▶ _Provided data_:
+ + +

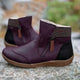 Women's zip ankle boots with round toe, checked collar and flat tan sole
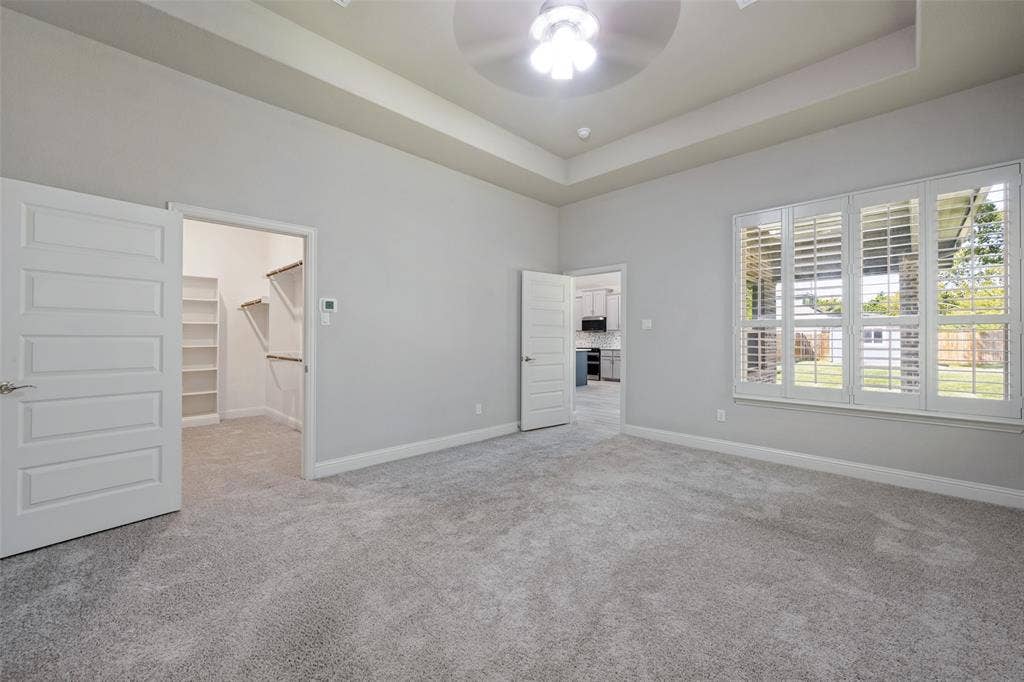 6001 Allison Drive, Midlothian, TX 76065 Recessed tray ceiling with ceiling fan, plush gray carpet, a walk-in closet with built-in shelving, and a large window with plantation shutters are features of the primary bedroom.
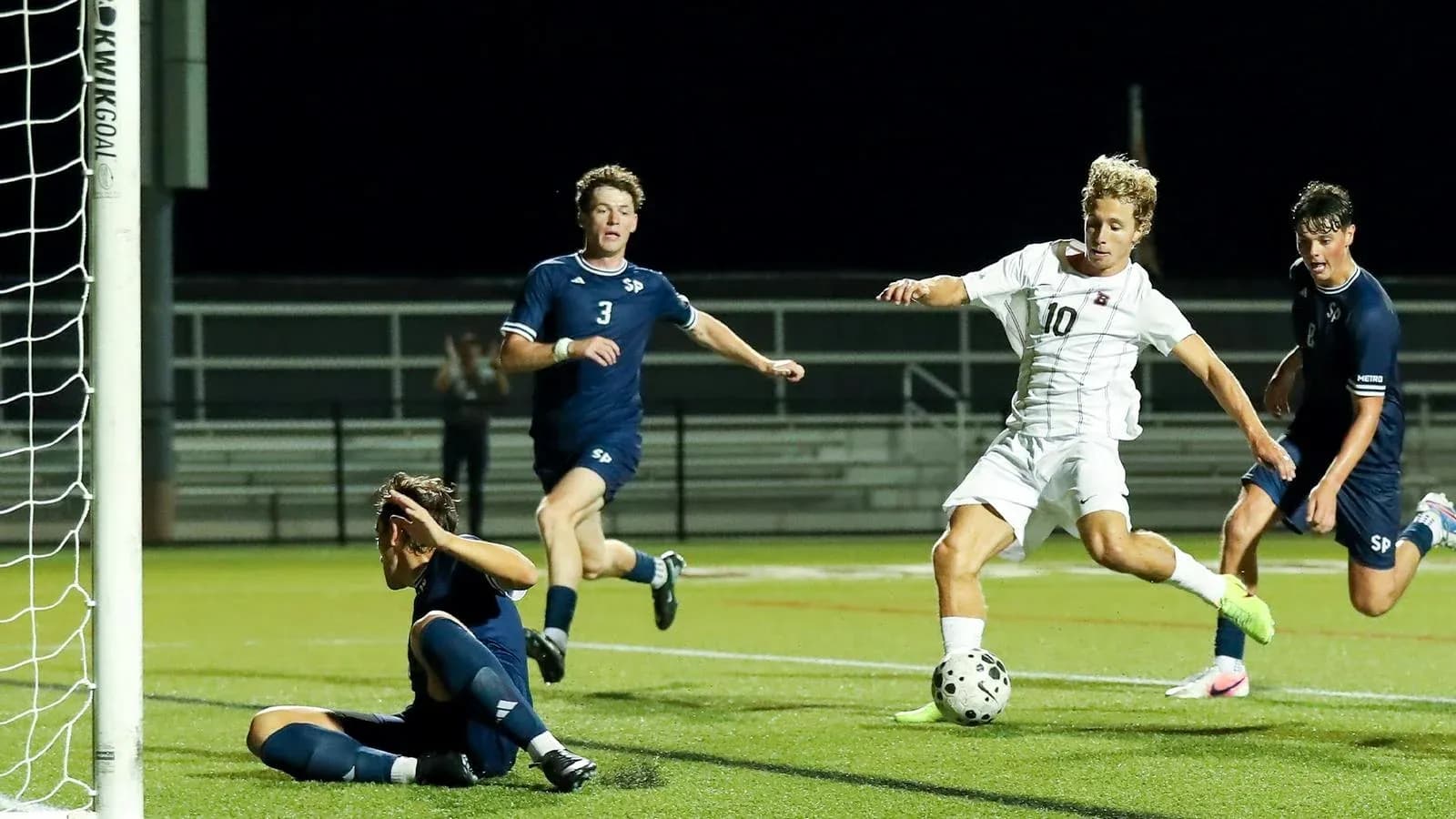 Player attempting to score near the goal line Player attempting to score near the goal line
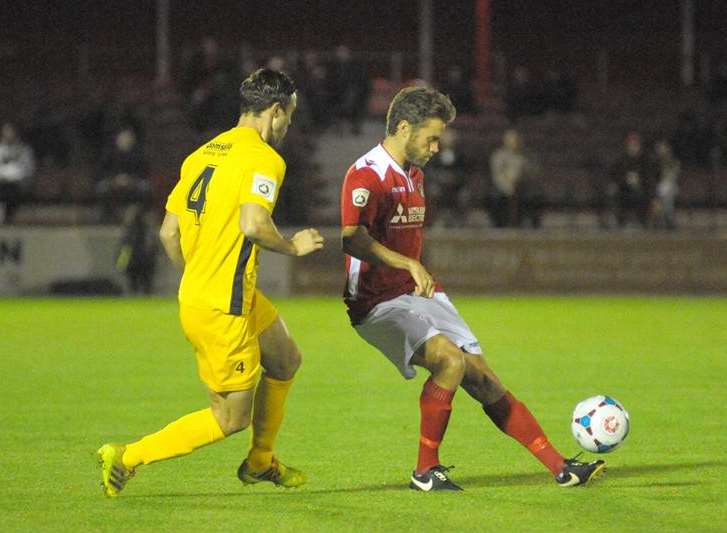 Daryl McMahon chips the ball forward under pressure from Eastbourne's Matt Aldred Picture: Steve Crispe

+ + +

Beginning with the line that bears "Player attempting to score near the goal line Player", output each line through the last line of the listing exactly, and no others; skip the pictures.

▶ _Answer for this exercise_:
 Player attempting to score near the goal line Player attempting to score near the goal line
 Daryl McMahon chips the ball forward under pressure from Eastbourne's Matt Aldred Picture: Steve Crispe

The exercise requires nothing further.